Scraped caption text data:
/---

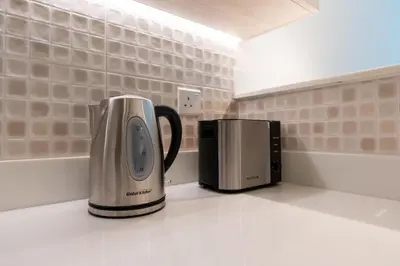a coffee maker and a toaster on a counter at The Seven Palm in Dubai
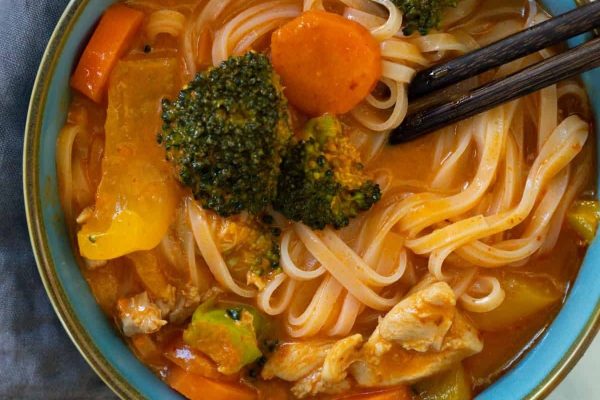 Spicy Chicken Noodle Soup in a small bowl with chopsticks.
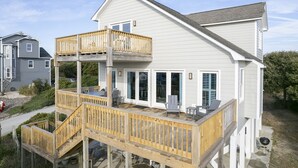 A two-story house with a wooden deck and a balcony.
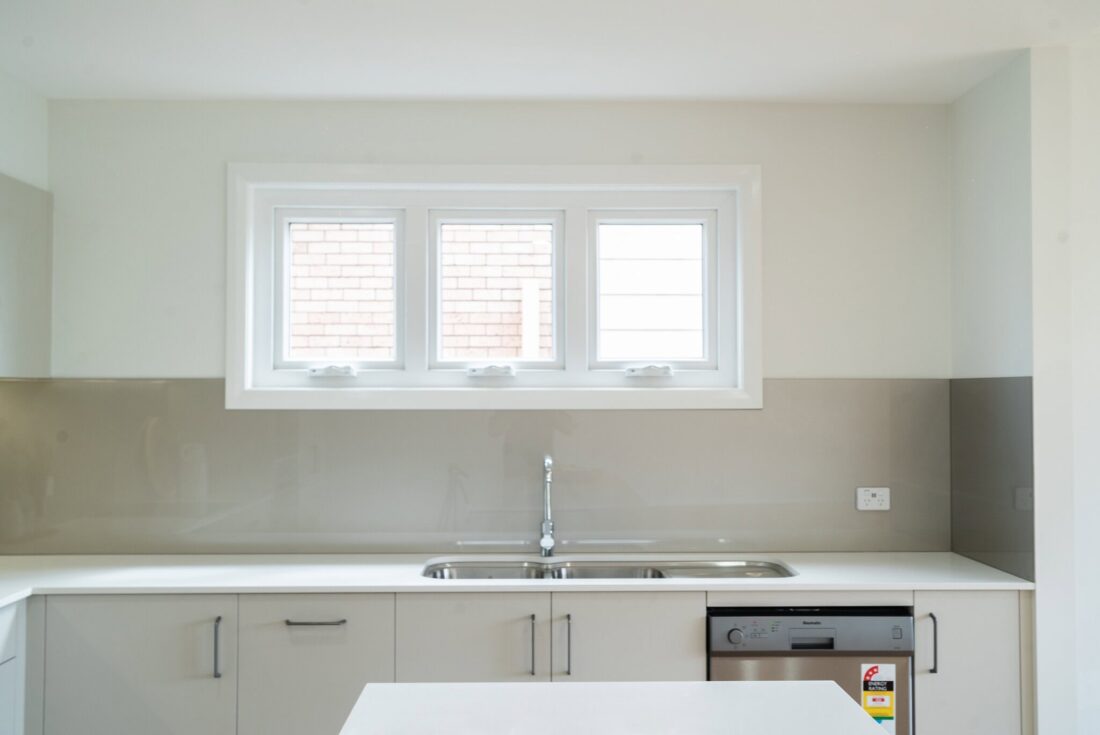 Bright modern kitchen with large window, sleek cabinetry, and built-in dishwasher, ideal for family homes.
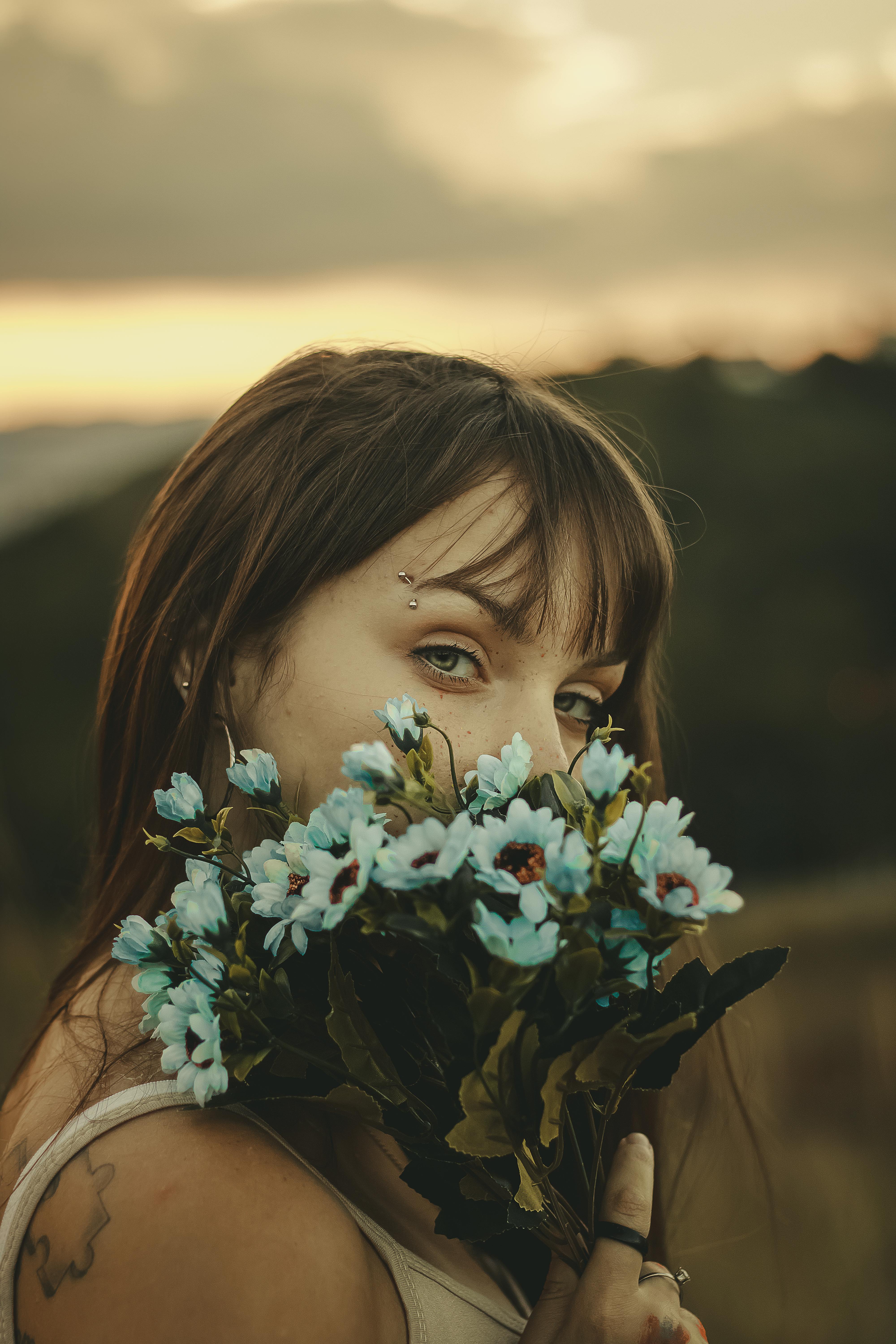在巴西贝洛奥里藏特，一名手持花束的年轻女子站在日落背景前
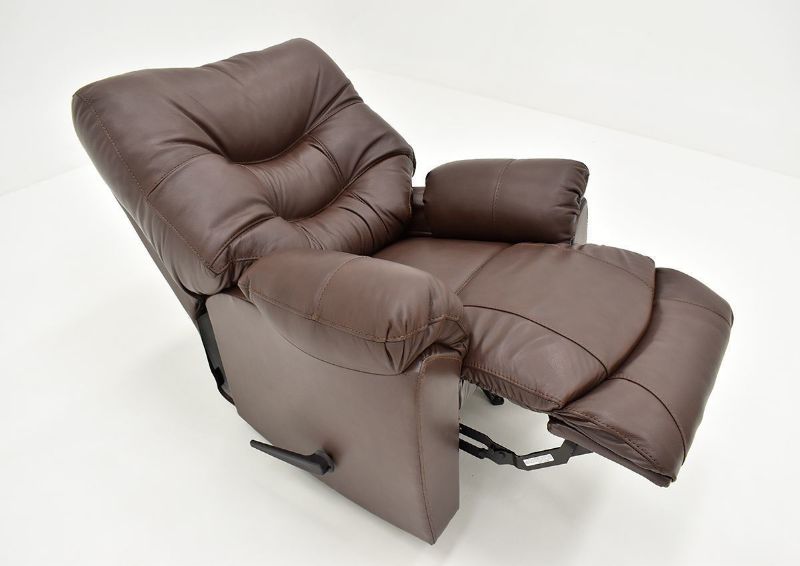 Angled View of the Reclined Trilogy Leather Rocker Recliner in Dark Brown by Franklin Corporation | Home Furniture Plus Bedding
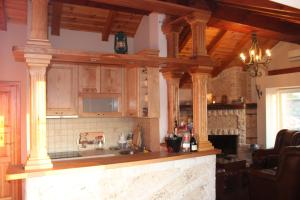 a kitchen with wooden cabinets and a counter top at Apartment Stanisic in Budva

\---

• Work item:
Output the data exactly, pictures omitted.

• Response box:
a coffee maker and a toaster on a counter at The Seven Palm in Dubai
 Spicy Chicken Noodle Soup in a small bowl with chopsticks.
 A two-story house with a wooden deck and a balcony.
 Bright modern kitchen with large window, sleek cabinetry, and built-in dishwasher, ideal for family homes.
在巴西贝洛奥里藏特，一名手持花束的年轻女子站在日落背景前
 Angled View of the Reclined Trilogy Leather Rocker Recliner in Dark Brown by Franklin Corporation | Home Furniture Plus Bedding
 a kitchen with wooden cabinets and a counter top at Apartment Stanisic in Budva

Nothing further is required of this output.